■ Task prompt ■
Transcribe everything in the listing as written, and let no image into the copy.

■ Given material ■
- - - -

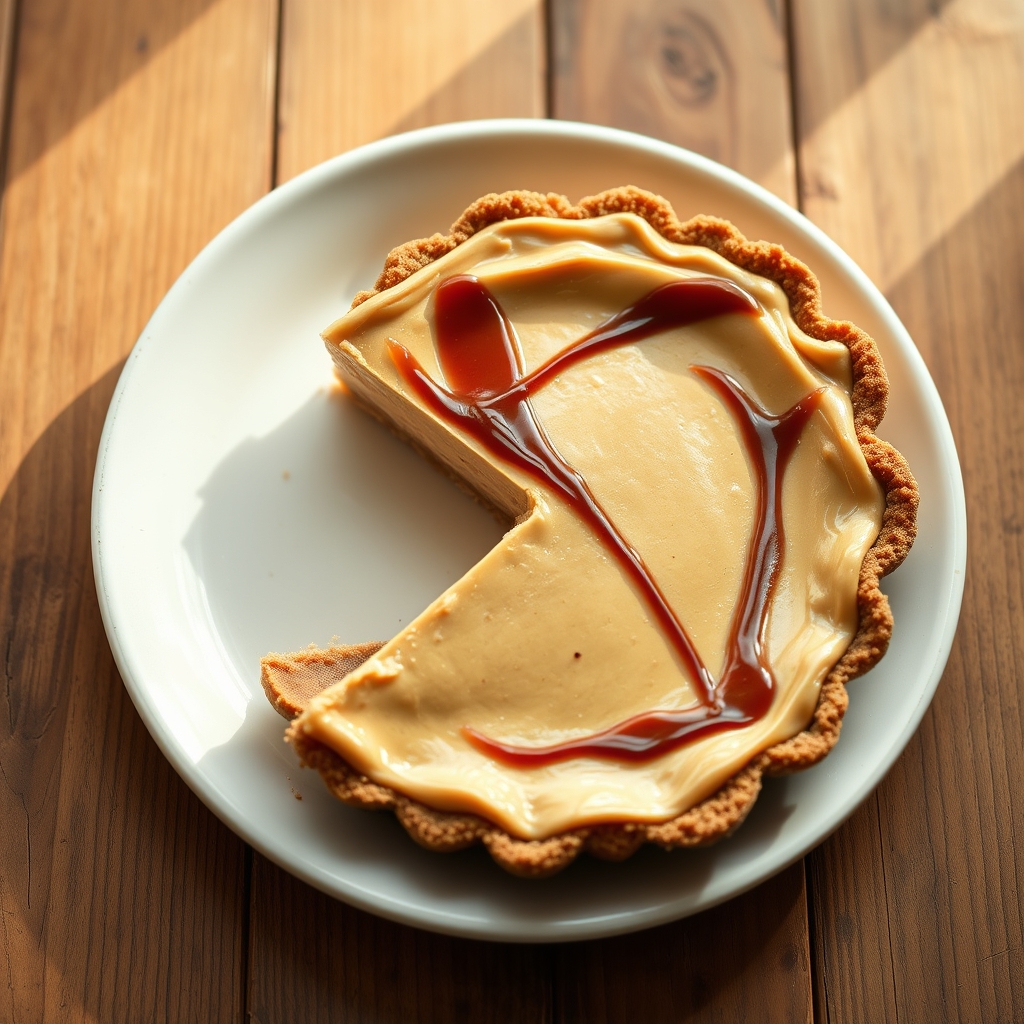 Peanut Butter Pie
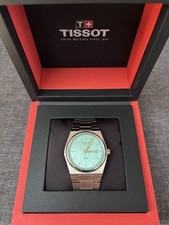Tissot prx 40mm for sale  HAMILTON
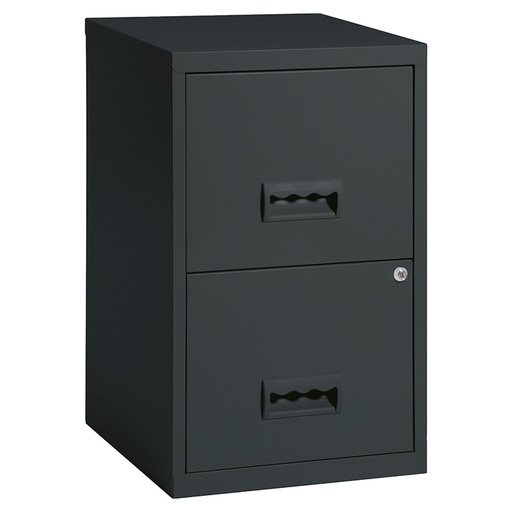 [289712] ARCHIVADOR METAL 2 CAJON A4 NG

- - - -

■ Reply to the task ■
 Peanut Butter Pie
Tissot prx 40mm for sale  HAMILTON
 [289712] ARCHIVADOR METAL 2 CAJON A4 NG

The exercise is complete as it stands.